Rod sure wasn't inhibited by the 60s model sheets of the WB characters.
He not only makes his key drawings funny, but most of his breakdowns are too.
By making every drawing in his animation a unique creation, he ends up doing a lot more work than if he had just made a few on-model keys. That's a true animator. He can't help creating, rather than merely executing.
I can't believe this got by the ad agency. When I worked on commercials the ad execs would go though every frame of film to make sure that each drawing was uncreative, unfunny and "on-model".
The agency folks always hate anything that "looks weird". They must think that somehow the consumers will decide not to buy their products once they have freeze framed the commercials themselves and checked them against their model sheets.
This commercial would only make me drink even more Kool-Aid than if it was bland and boring.

I was laughing as I went through this scene a frame at a time, but the drawings kept getting funnier and funnier. These almost seem bland to me now - compared to what came next. There are so many crazy drawings in this one commercial that I'm going to have to spread them out over a few posts.


J C Roberts said...

I probably would never have guessed Scribner just looking at these frames. I might just be too used to his work with Clampett, though.

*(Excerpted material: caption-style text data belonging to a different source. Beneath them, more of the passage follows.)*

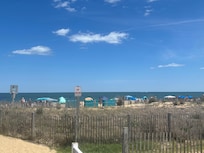 View of beach from pool
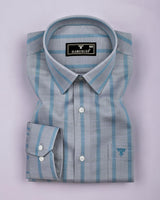 Bogota Green With Gray Stripe Linen Cotton Shirt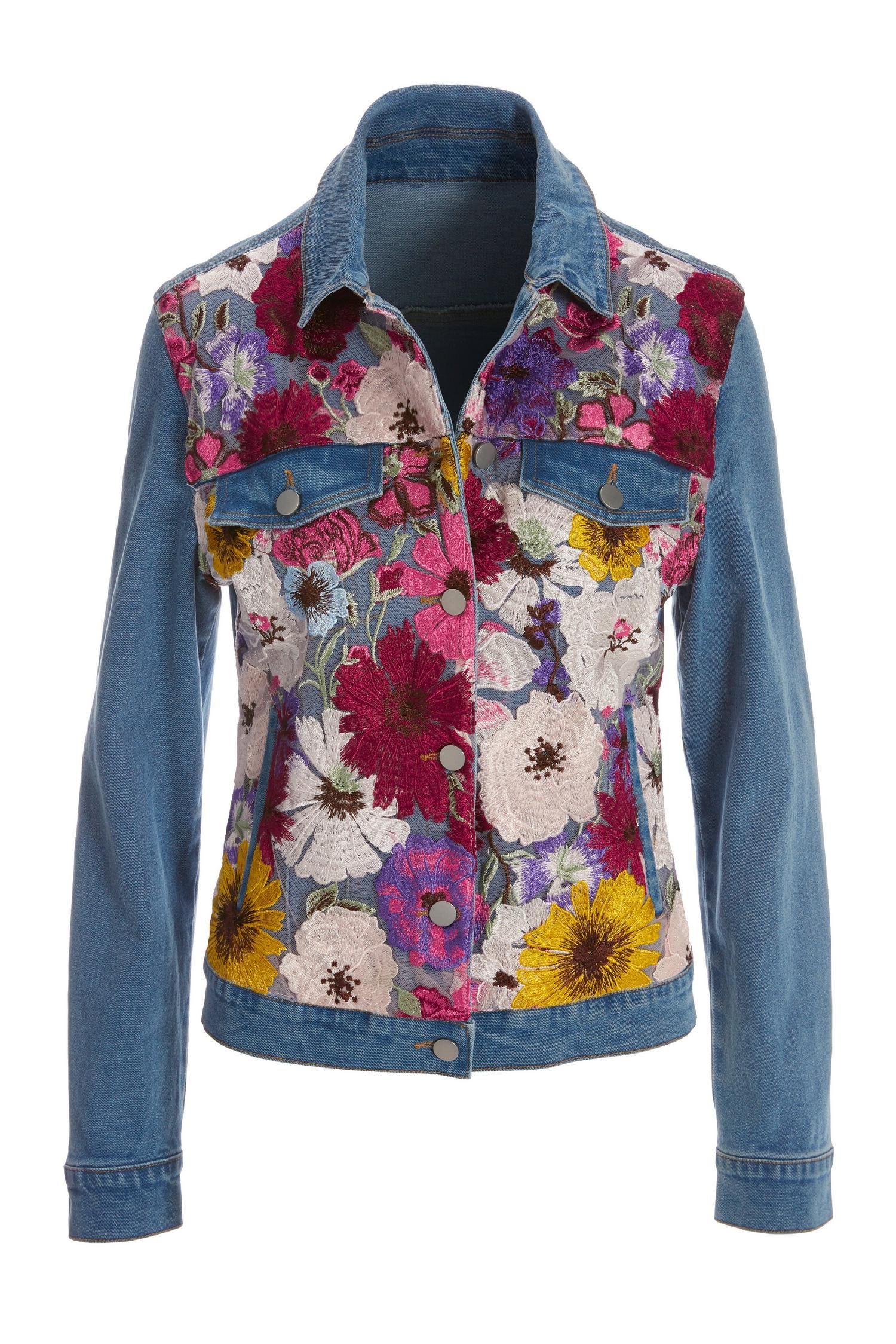 Embroidered Floral Print Denim Jacket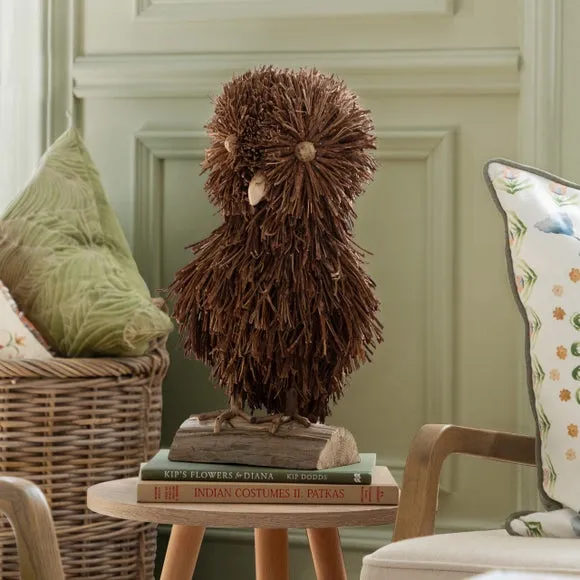 Standing Owl Ornament - Brown, Rattan Wood image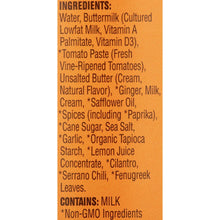 Ingredients panel for butter masala simmer sauce, including butter and spices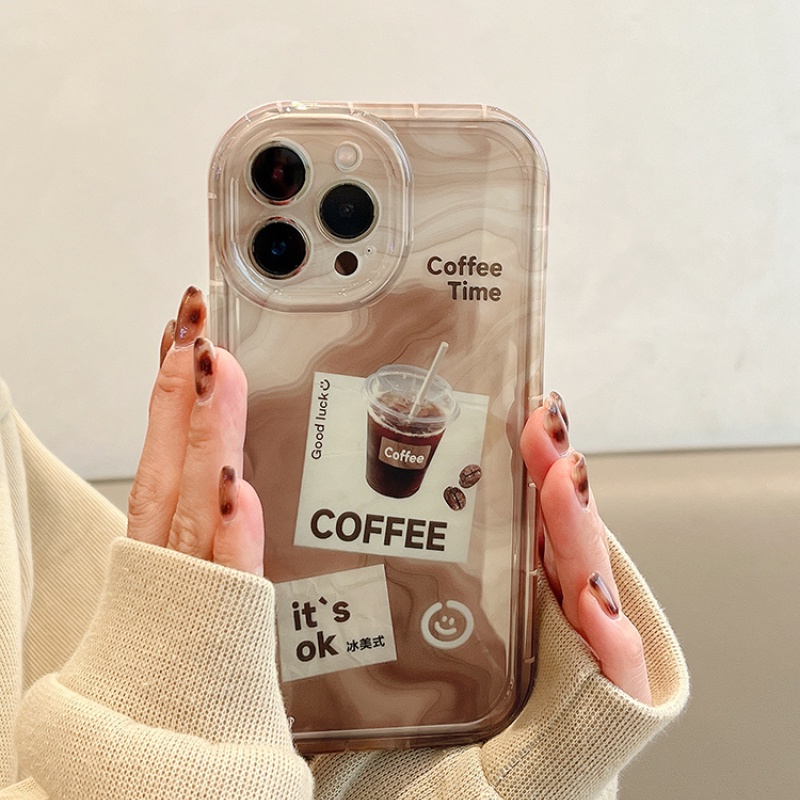 Thích hợp cho iphone coffee label women's art niche phone case for 7 7plus 8 8plus xs xr 11 12 13 14 pro plus promax silicone trong suốt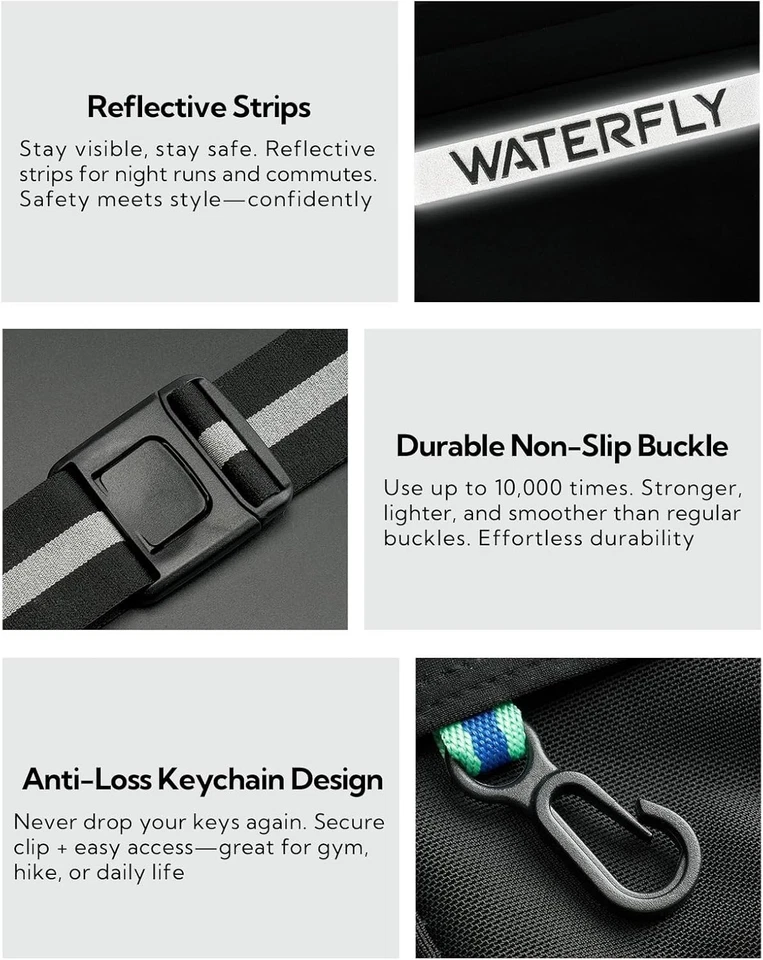 WATERFLY Running Belt: Breathable 4-Pocket Waist Pack for Sports. Fits All Phone - Image 4 of 4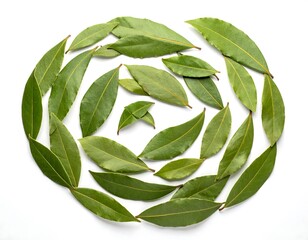 Arrangement of green bay leaves in a circular shape against a white background, leaves pointing inwards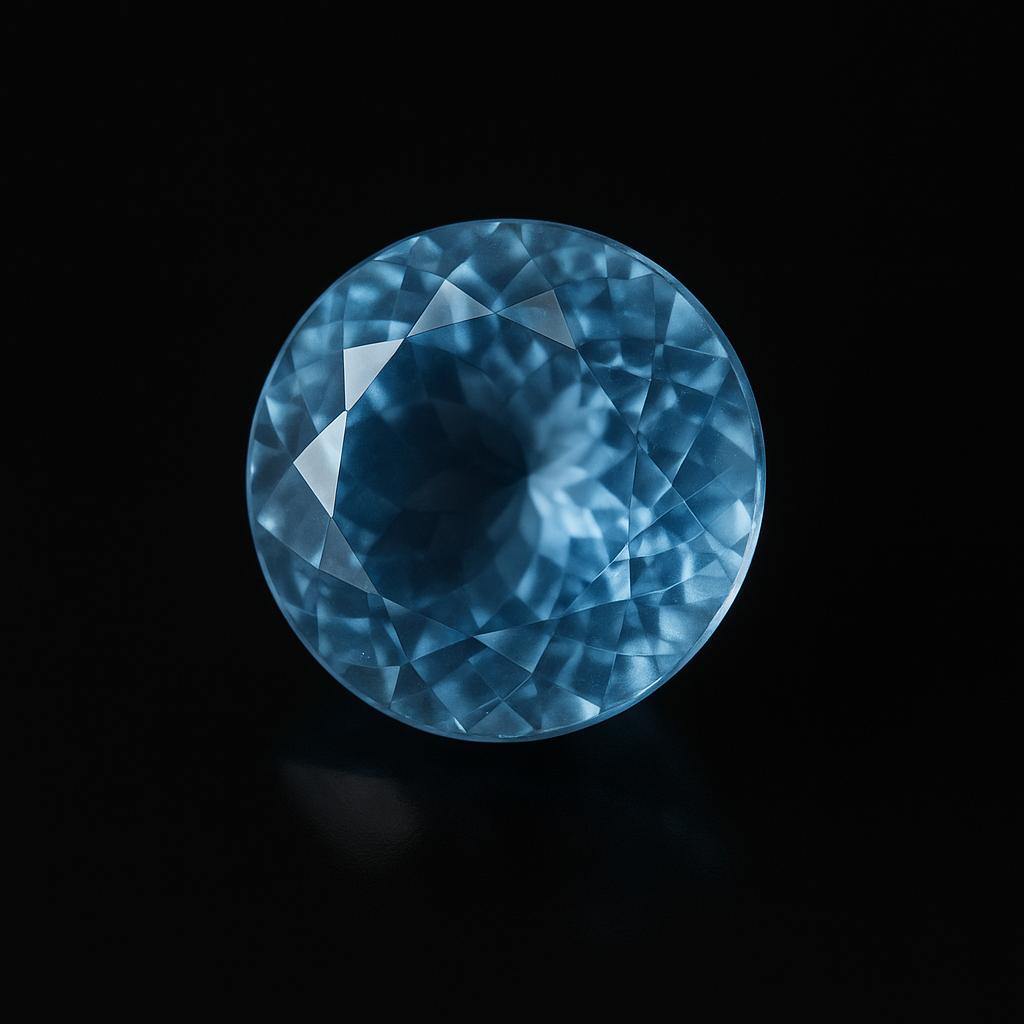 Naturalny akwamaryn, szlif okrągły, kolor oceanu niebieski, certyfikowany, 7,20 ct, luźny kamień szlachetny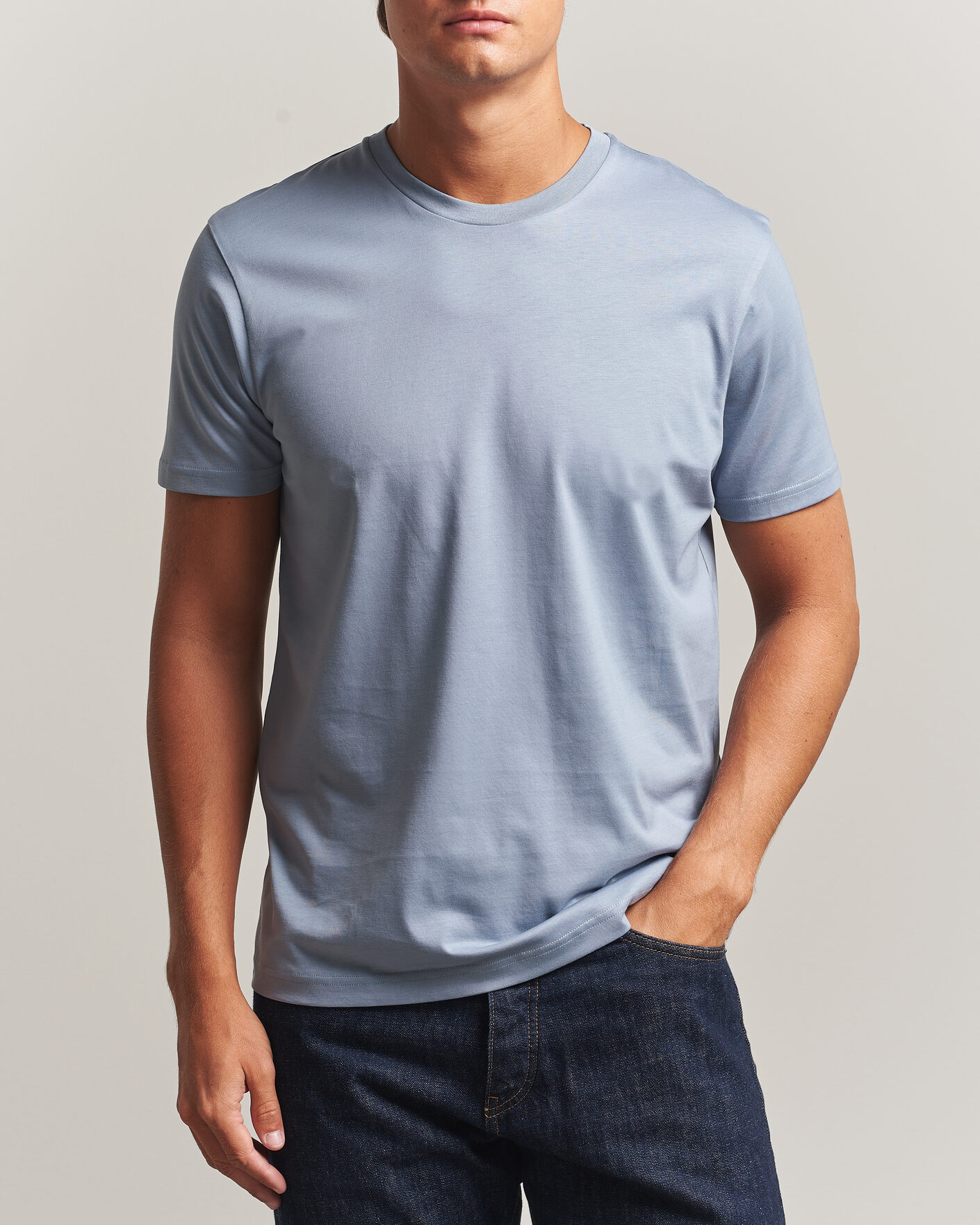 Men | T-Shirts | Sunspel | Riviera Midweight T-Shirt Powder Blue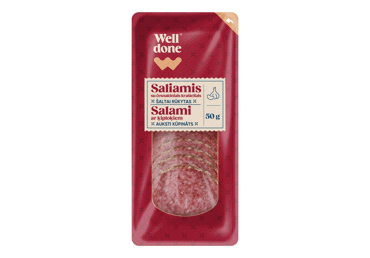 Saliamio griežinėliai su česnakais WELL DONE, 50 g - 2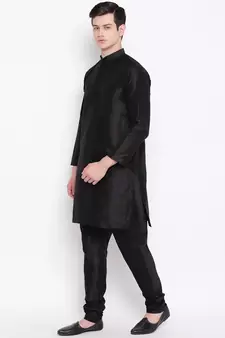 Mag Men's Black Matching Kurta Churidar With Gray Joot Waiscoat For Men (RG-19458-36)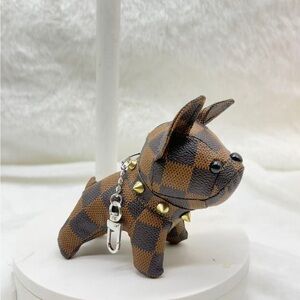 Chic Brown Checkered Dog Keychain with Gold Details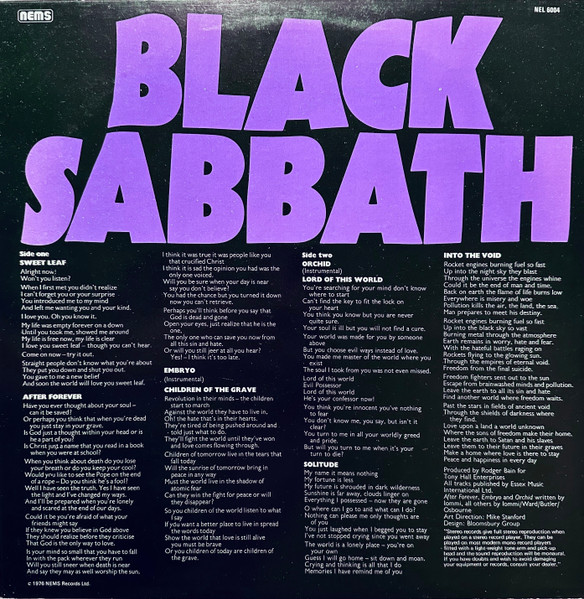 Black Sabbath - Master Of Reality | NEMS (NEL 6004) - 2 Black Sabbath - Master Of Reality | NEMS (NEL 6004) - 2
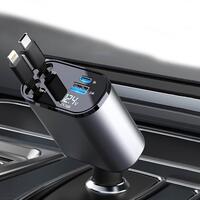 Incarcator auto rapid 4in1 Super Fast Charge 120W, USB + USB-C + cablu retractabil iOS/Android/Type-C, display LED, rotire 180°, corp aluminiu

I don't recall ever seeing this one. I have a series of Post commercials with Bugs and Yosemite Sam on tape from the same era, but they're not as fluid as these look. They're more notable for the strange, overly excited voice work.

Rooniman said...

The agency folks must of been drunk or asleep that day.

Anonymous said...

I really wish I could see this commercial. There's no link to it in the post. Rod Scribner is still at the top of the game here, and I wanna see the drawings in action.

litlgrey said...

I've seen these before. The mastery is clearly there, but I think I was put off by how the characters themselves were softened and rounded, with the big eyes.
Not quite at the level of Chuck Jones' drawings of his own characters in the 1980s, where they were all inexplicably CUTE and CHUBBY, but similar.

Trey Brown said...

ive never seen this one. theres that late 60's one where bugs sings "kool kool kool kool kool-aid kool!".

Isaak said...

Would you say the Tootsie Rolls commercial is a high point of art in advertising?

Thank you

Bob said...

I know Tex did direct some of the cool aid ads during the 60's, it is mentioned in, "Tex Avery: King of Cartoons." I believe that the people in the agency were looking for a person who could draw/animate bugs for the ad and Tex volunteered and the people in the agency asked him if he knew how to draw bugs. I can't fathom how insulting that must of been for poor Tex.

Paul B said...

where I can see the commercial?

Isaak said...

This is off-topic but are you considering a special post for June Foray? I think she is one of the last principles from the Looney Tunes era.

Shawn Dickinson said...

I usually can't stand the drawings of Bugs from this era, but these are pretty cool lookin!